Live trace is a function of the back end of the Capture Engine. The
Capture Engine at it's top takes in records from generated by barectf
and buffers them and at it's back end it interfaces to transports to get
the data off the target. This architecture disconnects the transport
from the tracing and allows different transports to be used. For example
it could TCP, or UDP, JTAG, SPI, or a UART. RTEMS users have a wide
range of hardware and often debug interfaces are unique because of the
costs they can add to hardware.
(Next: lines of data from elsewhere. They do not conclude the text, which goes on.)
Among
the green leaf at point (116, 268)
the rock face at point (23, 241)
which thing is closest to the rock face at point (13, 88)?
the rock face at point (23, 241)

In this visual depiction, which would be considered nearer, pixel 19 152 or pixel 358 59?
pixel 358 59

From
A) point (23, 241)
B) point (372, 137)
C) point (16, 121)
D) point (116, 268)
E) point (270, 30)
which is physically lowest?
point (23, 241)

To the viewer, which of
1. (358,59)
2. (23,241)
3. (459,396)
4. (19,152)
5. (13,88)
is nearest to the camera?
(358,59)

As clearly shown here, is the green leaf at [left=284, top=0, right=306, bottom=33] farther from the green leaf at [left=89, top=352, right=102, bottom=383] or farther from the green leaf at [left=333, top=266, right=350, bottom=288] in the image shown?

Consider a satellite, adding a whole
network interface, MAC and TCP/IP stack to trace during development is
silly because there is no network in space yet all the hardware would
need to be provided for and at a minimum it would take valuable board
space. The key role of the Capture Engine is to provide a simple API for
the transport layers. This work in the Capture Engine is either
partially done or needs to be done.

A key function of the Capture engine is to provide concurrent buffering.
This means low overhead buffering safe in an SMP context. This is harder
than it appears. Keeping it separate from barectf and rtems-tld is
important.


I'm not sure how ambitious these projects are but given a chance i would like 
to work on native CTF generation and live trace-reading with Isaac. Providing 
support for tracing user-defined structs(like barectf) sounds interesting too 
if that feature is required before CTF.

These are good GSoC tasks and we welcome your interest in the work.